Problem to work on: When you return the data, keep every line exactly as it is and leave out the pictures.

Start of Records provided

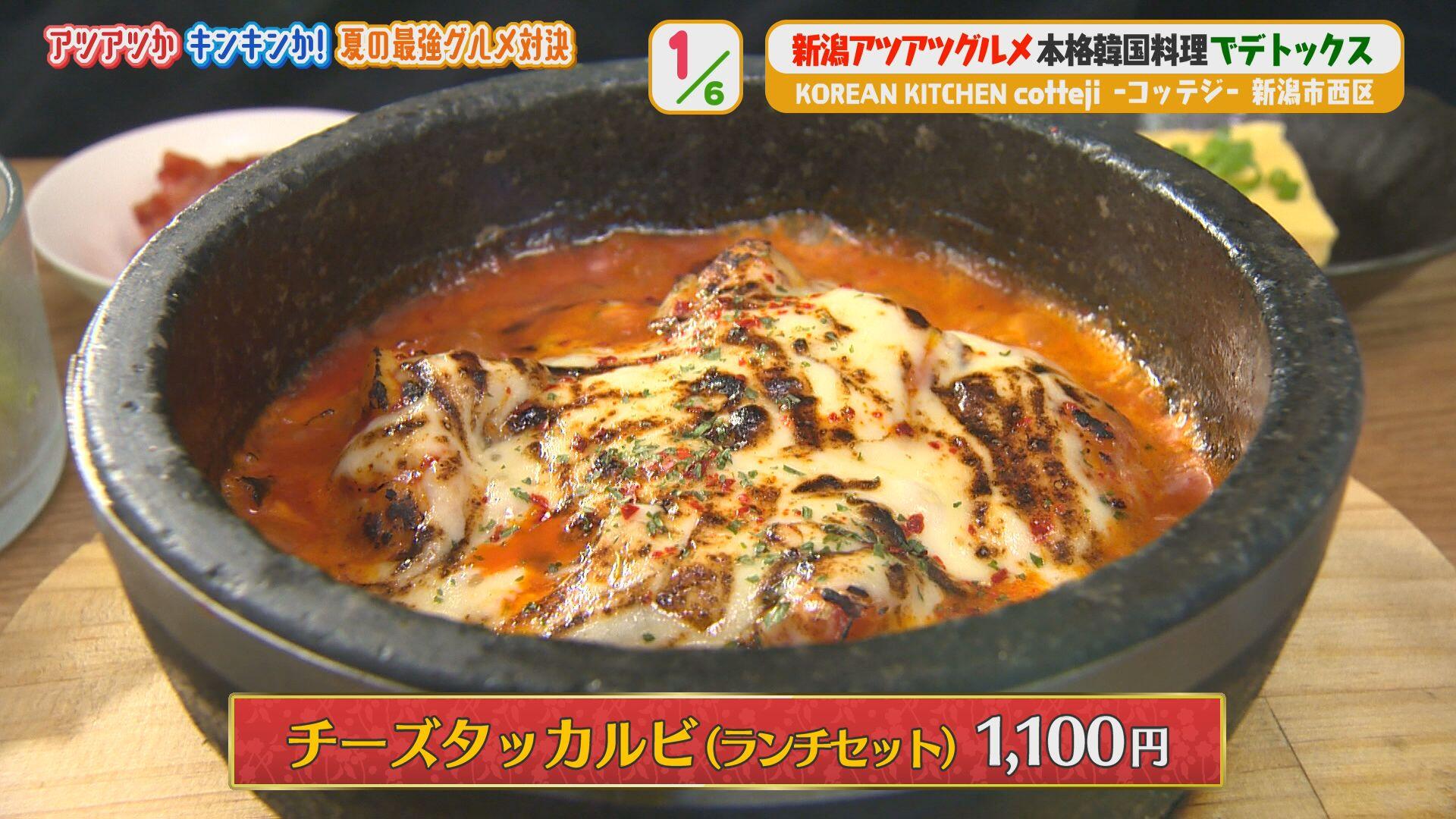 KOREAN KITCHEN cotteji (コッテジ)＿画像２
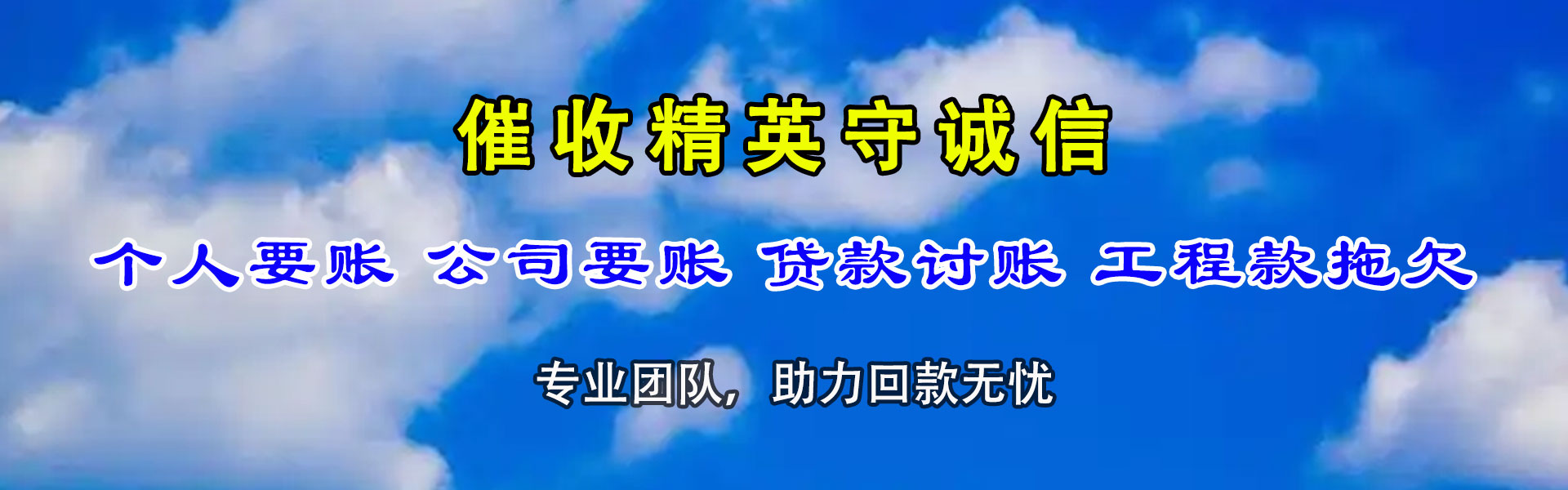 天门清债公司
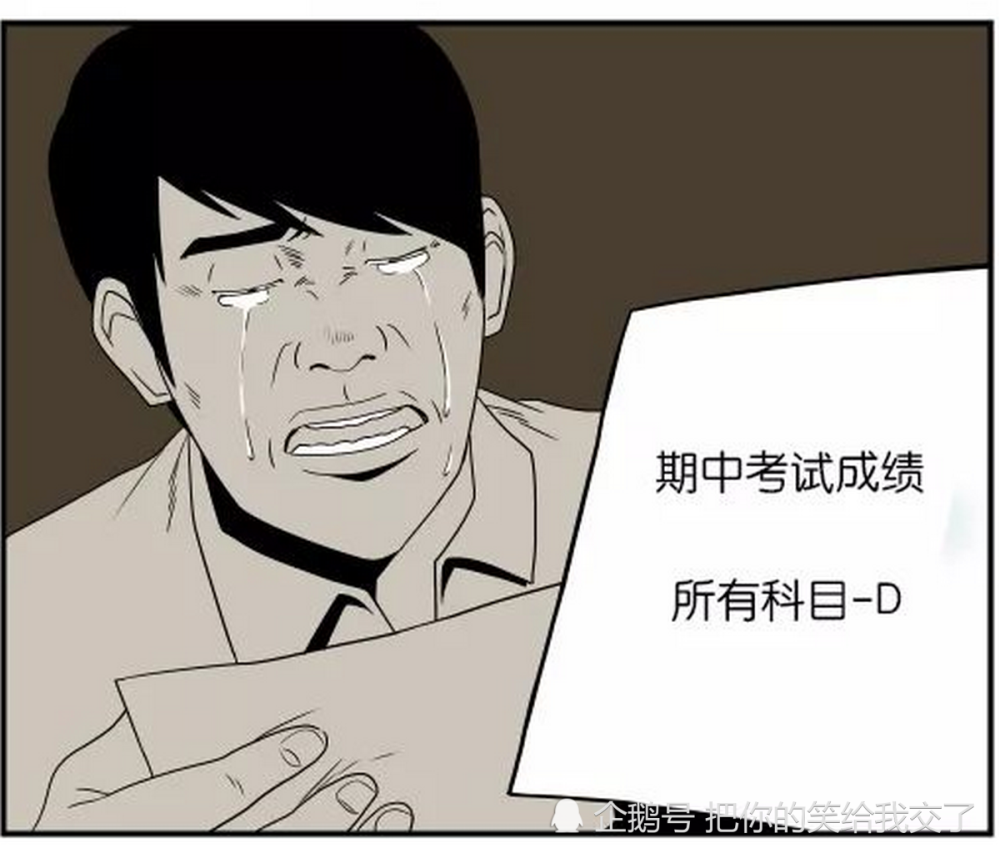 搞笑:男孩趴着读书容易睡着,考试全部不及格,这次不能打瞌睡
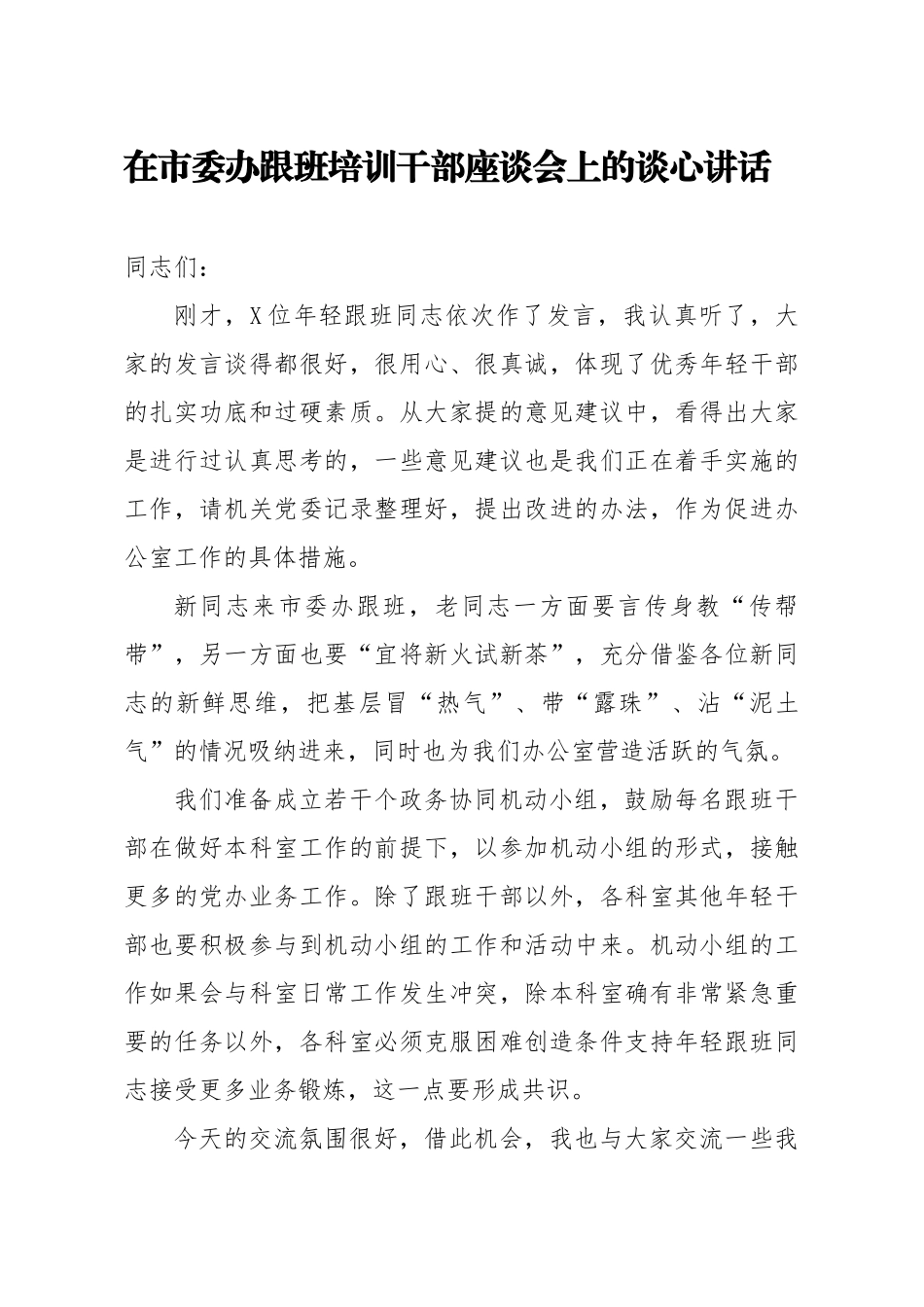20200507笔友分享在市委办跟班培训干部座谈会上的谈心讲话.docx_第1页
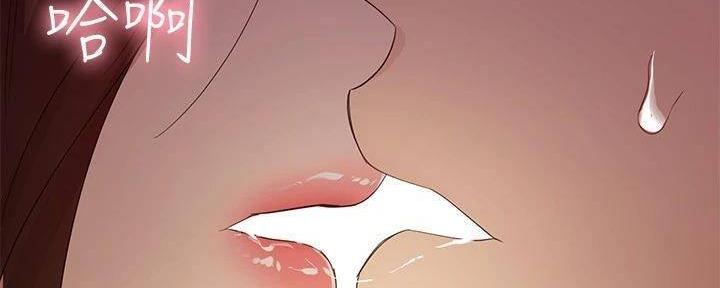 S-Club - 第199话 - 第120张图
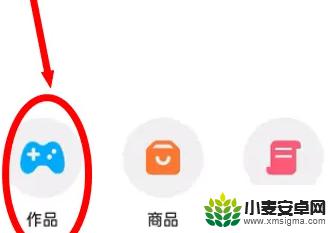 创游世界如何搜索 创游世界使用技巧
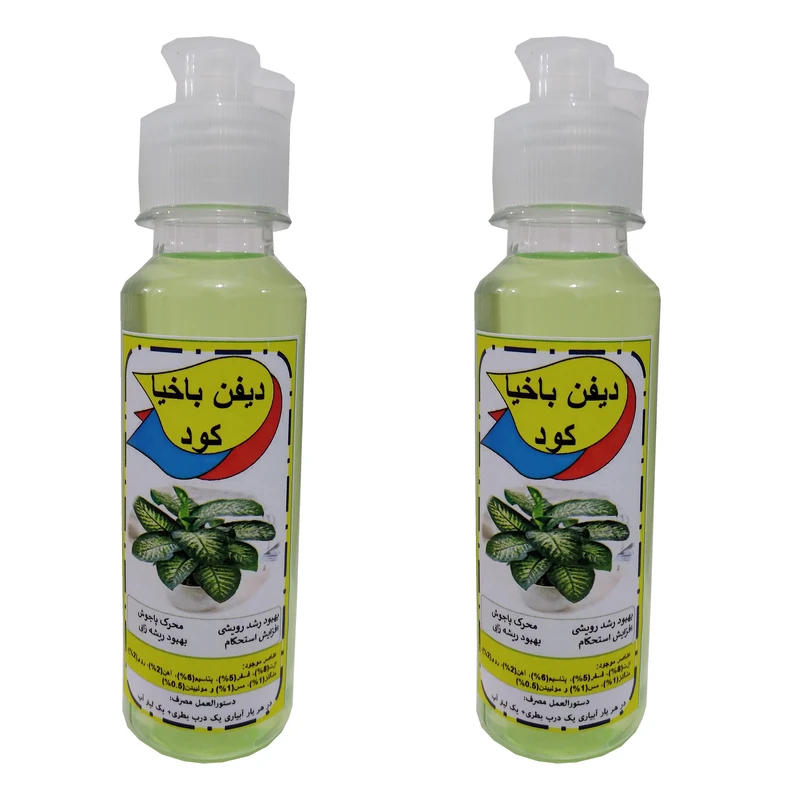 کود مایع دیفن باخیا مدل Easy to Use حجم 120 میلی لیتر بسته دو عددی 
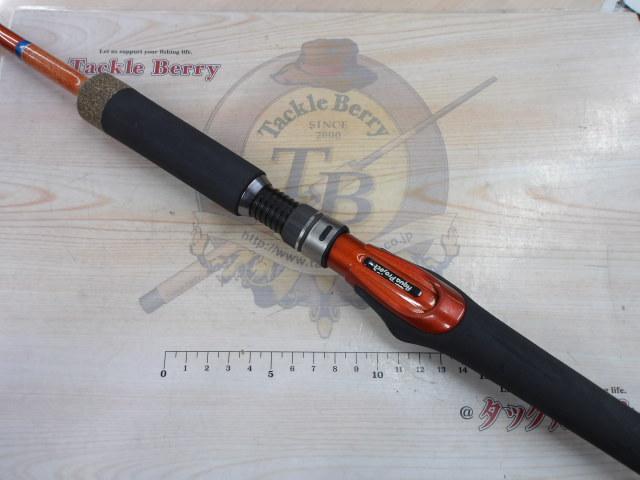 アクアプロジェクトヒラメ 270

End of Records provided

Result for this exercise:
 KOREAN KITCHEN cotteji (コッテジ)＿画像２
 天门清债公司
 搞笑:男孩趴着读书容易睡着,考试全部不及格,这次不能打瞌睡
20200507笔友分享在市委办跟班培训干部座谈会上的谈心讲话.docx_第1页
 S-Club - 第199话 - 第120张图
 创游世界如何搜索 创游世界使用技巧
 کود مایع دیفن باخیا مدل Easy to Use حجم 120 میلی لیتر بسته دو عددی 
 アクアプロジェクトヒラメ 270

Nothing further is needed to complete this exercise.